Until now, it has been free services, provided by existing broadcasters, such as the BBC, that have been leading the charge, getting people to look to the web rather than the TV guide. However, the growing choice of exclusive programming from the likes of Netflix is starting to grab consumers’ attention and get them to consider subscription options, too.
“In many parts of Europe, pay-TV penetration is lower than the US, and European consumers have been reluctant to pay for video in the past due to so many ‘free’ options,” said Brett Sappington, Director of Research, Parks Associates. “But, as more pay options enter the market, with content unavailable anywhere else, they are slowly changing the culture of video viewing in Europe.”

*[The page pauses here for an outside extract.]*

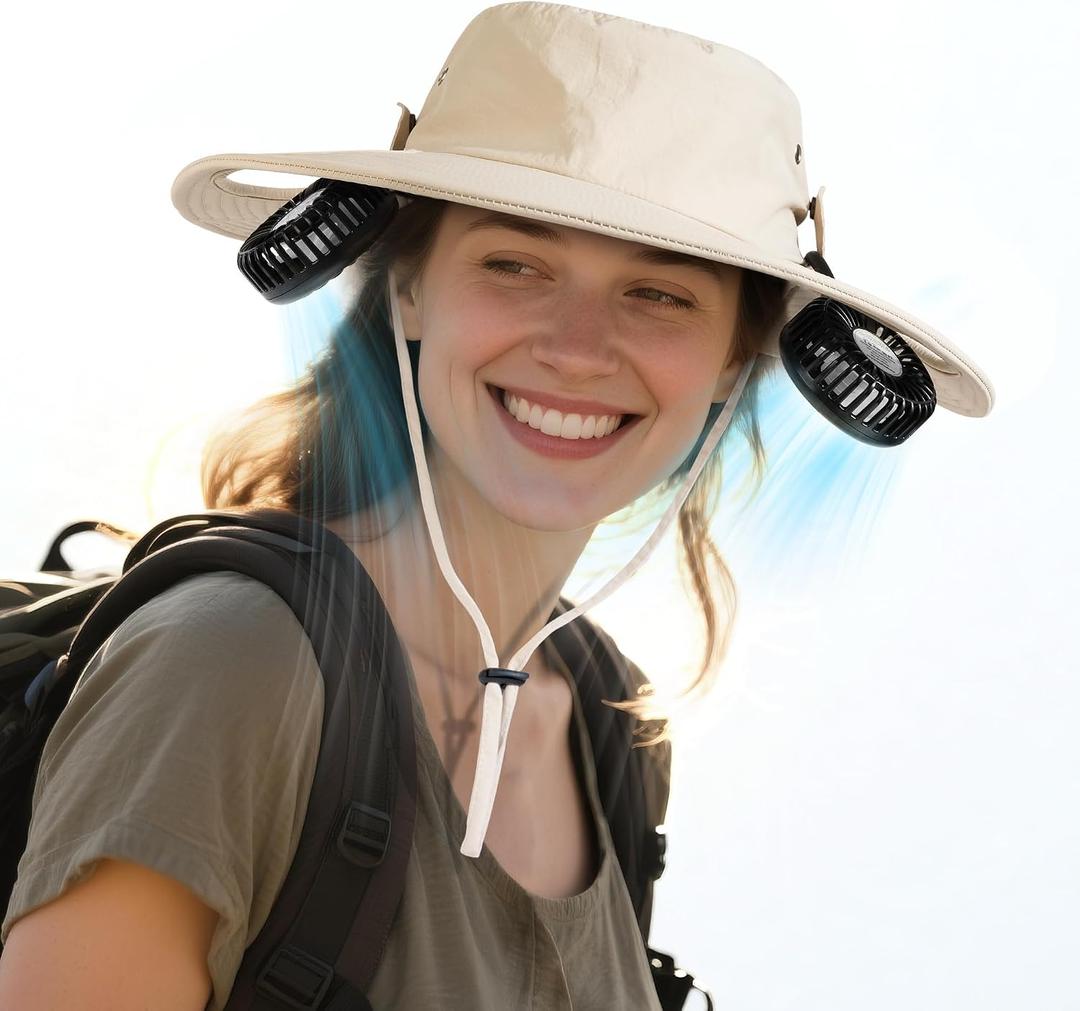 AMACOOL Bucket Hat Fan, Gifts for Him Father Dad Husband, Fishing Essentials for Women Men Camping Hiking Beach Gardening (Beige)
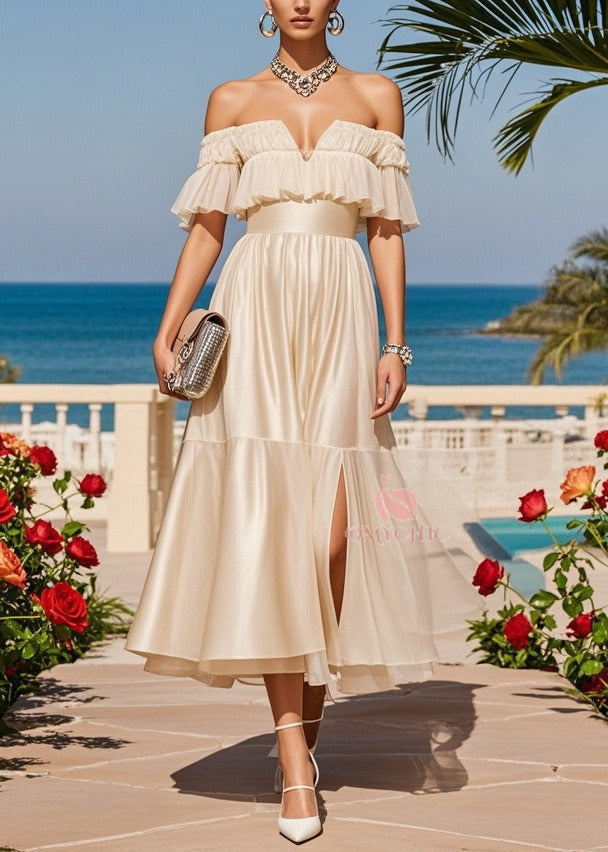 Off Shoulder Ruffle Flounce Waistband Pleated High Split Satin Midi Dress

As such, 30% of UK broadband households now subscribe to an OTT service, and although that figure is way behind the US, where 70% of homes are using OTT services and 64% of comparable households are subscribing to the likes of Netflix, Amazon Prime or HBO Go, it’s some way ahead of France where according to Parks Associates, only 17% of households currently pay to stream content.
“OTT is definitely gaining traction across Europe. We are seeing new OTT video services spring up but not as many as in North America,” Sappington said. “In the US and Canada, the quickly increasing volume of new options is driving high numbers of online viewing of TV and movies.”
The number of services springing up in North America is growing all the time and there are currently over 100 separate services each trying to attract viewers. Although this will eventually lead to consolidation, for the moment at least US consumers appear happy to pay for content from several providers.
“We saw a big increase in the number of households subscribing to multiple OTT video services in the US market at the end of 2015,” explained Sappington.